YOUR OBJECTIVE |
Copy everything in the data below exactly except the pictures.

RAW DATA |

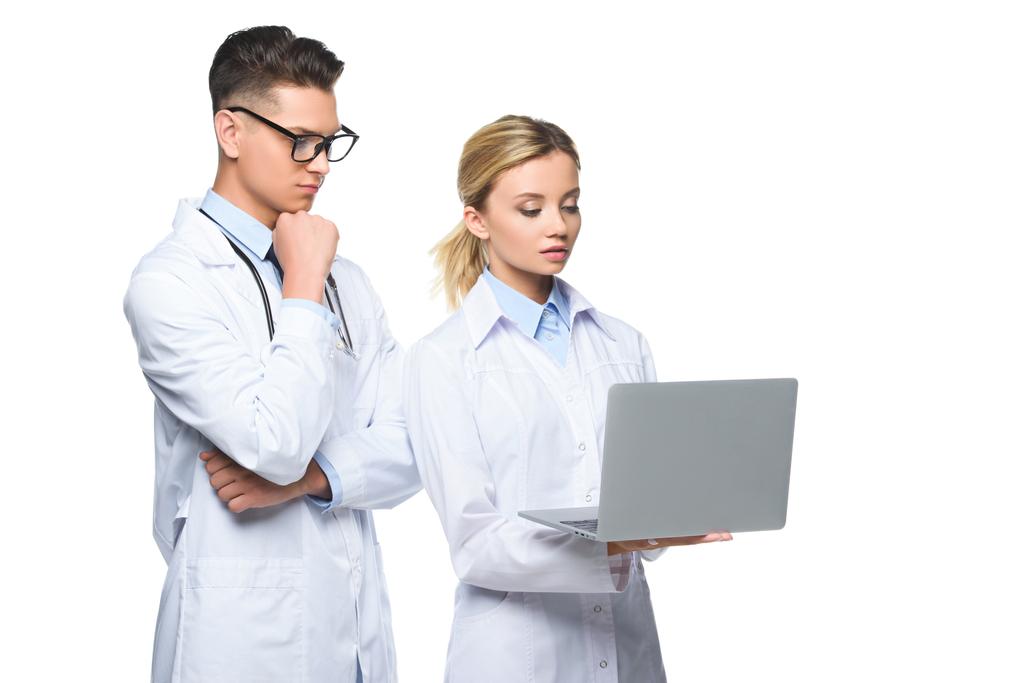Młodzi lekarze zamyślony w białych płaszczach za pomocą laptopa, na białym tle - Zdjęcie, obraz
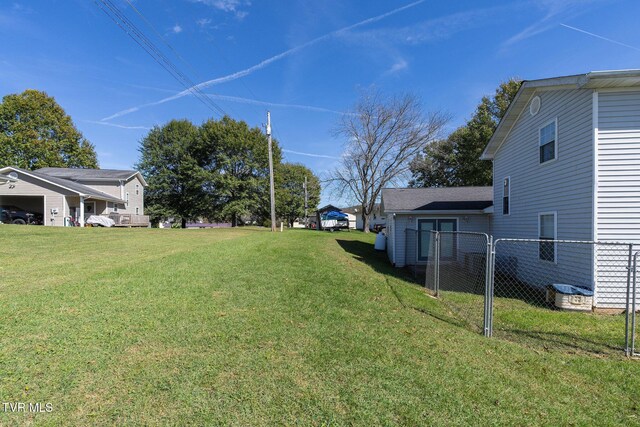 view of yard featuring fence and a gate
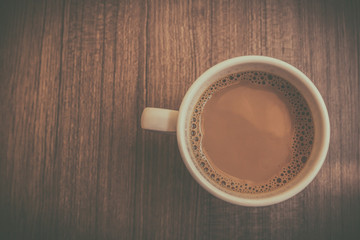 Coffee cup on wood table,top view.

ANSWER SECTION |
Młodzi lekarze zamyślony w białych płaszczach za pomocą laptopa, na białym tle - Zdjęcie, obraz
 view of yard featuring fence and a gate
 Coffee cup on wood table,top view.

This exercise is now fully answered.